A: GM soy is in about 60 percent of all processed food as vegetable oil, soy flour, lecithin and soy protein. GM maize is in about 50 percent of processed foods as corn, corn starch, corn flour and corn syrup. GM tomato puree is sold in some supermarkets and GM enzymes are used throughout the food processing industry. Government regulations on labeling exclude 95-98 percent of the products containing GM ingredients because they ignore derivatives.

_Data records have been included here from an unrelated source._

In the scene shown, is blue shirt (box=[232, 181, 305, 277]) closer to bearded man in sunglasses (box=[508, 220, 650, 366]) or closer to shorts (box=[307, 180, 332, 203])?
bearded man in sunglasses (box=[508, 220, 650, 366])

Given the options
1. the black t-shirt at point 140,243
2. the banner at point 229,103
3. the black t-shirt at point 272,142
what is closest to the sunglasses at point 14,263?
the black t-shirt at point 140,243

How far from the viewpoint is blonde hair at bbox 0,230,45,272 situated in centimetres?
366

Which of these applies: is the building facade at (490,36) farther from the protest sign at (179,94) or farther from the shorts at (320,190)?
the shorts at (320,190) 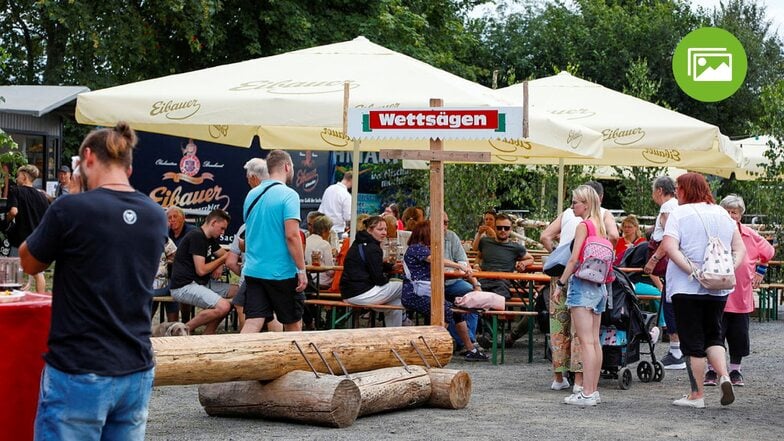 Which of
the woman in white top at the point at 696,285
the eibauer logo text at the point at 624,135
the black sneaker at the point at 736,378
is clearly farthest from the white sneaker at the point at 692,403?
the eibauer logo text at the point at 624,135

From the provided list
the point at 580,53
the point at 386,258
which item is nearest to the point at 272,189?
the point at 386,258

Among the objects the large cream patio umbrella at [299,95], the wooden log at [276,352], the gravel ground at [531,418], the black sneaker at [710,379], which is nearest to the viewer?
the wooden log at [276,352]

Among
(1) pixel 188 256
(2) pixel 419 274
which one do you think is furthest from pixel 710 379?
(1) pixel 188 256

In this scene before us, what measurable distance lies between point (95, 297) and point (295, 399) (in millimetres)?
3551

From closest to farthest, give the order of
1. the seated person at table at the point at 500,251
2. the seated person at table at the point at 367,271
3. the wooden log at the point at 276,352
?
the wooden log at the point at 276,352, the seated person at table at the point at 367,271, the seated person at table at the point at 500,251

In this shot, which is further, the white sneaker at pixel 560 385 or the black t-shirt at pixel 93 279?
the white sneaker at pixel 560 385

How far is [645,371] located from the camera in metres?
10.3

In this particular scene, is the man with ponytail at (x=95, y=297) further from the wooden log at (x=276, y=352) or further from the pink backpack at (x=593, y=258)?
the pink backpack at (x=593, y=258)

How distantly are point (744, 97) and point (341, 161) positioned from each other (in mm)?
23304

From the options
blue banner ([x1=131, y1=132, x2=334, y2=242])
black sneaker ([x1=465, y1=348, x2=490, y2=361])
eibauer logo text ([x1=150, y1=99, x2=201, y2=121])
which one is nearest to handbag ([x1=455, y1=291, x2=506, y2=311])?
black sneaker ([x1=465, y1=348, x2=490, y2=361])

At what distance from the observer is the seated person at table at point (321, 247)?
12125 mm

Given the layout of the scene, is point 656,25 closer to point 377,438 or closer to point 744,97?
point 744,97

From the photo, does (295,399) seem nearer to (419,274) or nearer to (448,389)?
(448,389)

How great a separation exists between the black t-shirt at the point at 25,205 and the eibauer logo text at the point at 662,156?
7590 millimetres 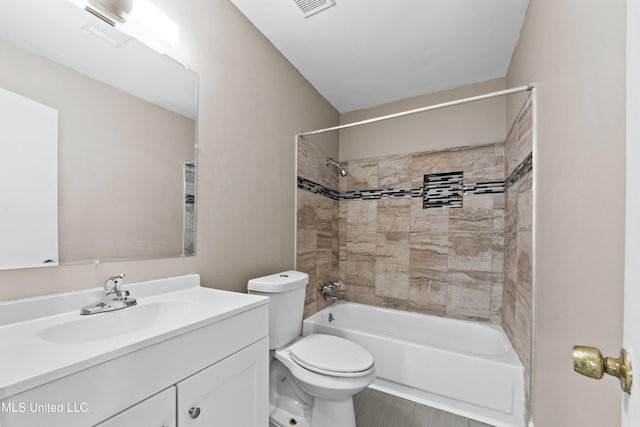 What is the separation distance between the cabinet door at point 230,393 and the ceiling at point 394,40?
1828mm

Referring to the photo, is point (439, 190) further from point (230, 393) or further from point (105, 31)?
point (105, 31)

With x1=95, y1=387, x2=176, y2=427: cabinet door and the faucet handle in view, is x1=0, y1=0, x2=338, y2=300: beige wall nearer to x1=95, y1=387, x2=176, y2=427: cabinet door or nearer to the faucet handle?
the faucet handle

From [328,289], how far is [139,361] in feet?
6.30

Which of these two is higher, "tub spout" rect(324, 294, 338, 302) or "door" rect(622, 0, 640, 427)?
"door" rect(622, 0, 640, 427)

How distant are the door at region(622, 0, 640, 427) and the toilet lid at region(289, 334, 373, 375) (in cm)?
111

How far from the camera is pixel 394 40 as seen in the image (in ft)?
6.05

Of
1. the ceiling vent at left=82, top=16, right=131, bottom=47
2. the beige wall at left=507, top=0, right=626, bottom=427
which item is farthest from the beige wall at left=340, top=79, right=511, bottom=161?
the ceiling vent at left=82, top=16, right=131, bottom=47

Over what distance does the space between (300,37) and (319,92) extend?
708 millimetres

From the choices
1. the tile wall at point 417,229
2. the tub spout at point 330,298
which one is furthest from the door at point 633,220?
the tub spout at point 330,298

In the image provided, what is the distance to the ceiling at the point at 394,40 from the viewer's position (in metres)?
1.58

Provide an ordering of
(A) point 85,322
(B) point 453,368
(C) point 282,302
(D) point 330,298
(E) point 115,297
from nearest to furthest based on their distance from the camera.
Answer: (A) point 85,322
(E) point 115,297
(C) point 282,302
(B) point 453,368
(D) point 330,298

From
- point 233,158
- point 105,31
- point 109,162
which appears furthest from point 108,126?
point 233,158

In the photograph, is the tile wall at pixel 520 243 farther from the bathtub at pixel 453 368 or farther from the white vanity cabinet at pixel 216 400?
the white vanity cabinet at pixel 216 400

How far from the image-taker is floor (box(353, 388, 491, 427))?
5.15ft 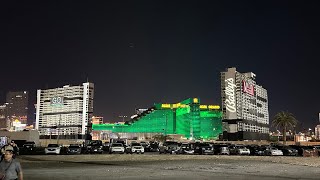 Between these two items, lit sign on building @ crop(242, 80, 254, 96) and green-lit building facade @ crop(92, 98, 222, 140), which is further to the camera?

Q: Who is regulating the industry?

A: The lack of political will to scrutinize the industry is clear in this statement from Douglas Hogg: “Some estimates have predicted a 9 billion dollar market by the year 2000. We cannot jeopardize this by over-regulating initiative and enterprise.” US trade representative, Charlene Barshefsky, told EU leaders to expect punitive action through the World Trade Organization if they allow domestic concerns over biotechnology to interfere with US trade. Most of the people sitting on supposedly independent government advisory bodies have direct links to bio tech companies. Should people whose careers are tied to the development of the technology be trusted to carry out impartial risk assessments? When she was asked whether she felt that people should be given the choice of whether they eat GM food or not, Janet Bainbridge, chair of the Advisory Committee on Novel Foods and Processes, replied that we should not because “most people don’t even know what a gene is.” She added: “Sometimes my young son wants to cross the road when it’s dangerous. Sometimes you just have to tell people what’s best for them.” The European Commission has set up the “European Federation of Biotechnology Task Group on Public Perceptions on Biotechnology” to promote the “public understanding of biotechnology”. EuropaBio, a consortium of all the biotechnology companies with interests in Europe, was taken by surprise at the resistance in Europe and sought the advice of Burson Marsteller, past masters in crisis management. (Previous clients included Exxon after the Exxon Valdez oil spill and Union Carbide after the explosion of their chemical plant in Bhopal.) EuropaBio was advised that “Public issues of environmental and human health risk are communications killing fields for bio industries in Europe – all the research evidence confirms that the perception of the profit motive fatally undermines industry’s credibility on these questions . . .” Marsteller told them to refrain from participating in any public debate and leave it to “those charged with public trust, politicians and regulators, to assure the public that bio tech products are safe.” Once released, genetically engineered organisms become part of our ecosystem. Unlike some other forms of pollution which can be contained or which may decrease over time, any mistakes we make now will be passed on to all future generations of life. With governments capitulating to commercial interests, it is up to citizens to respond.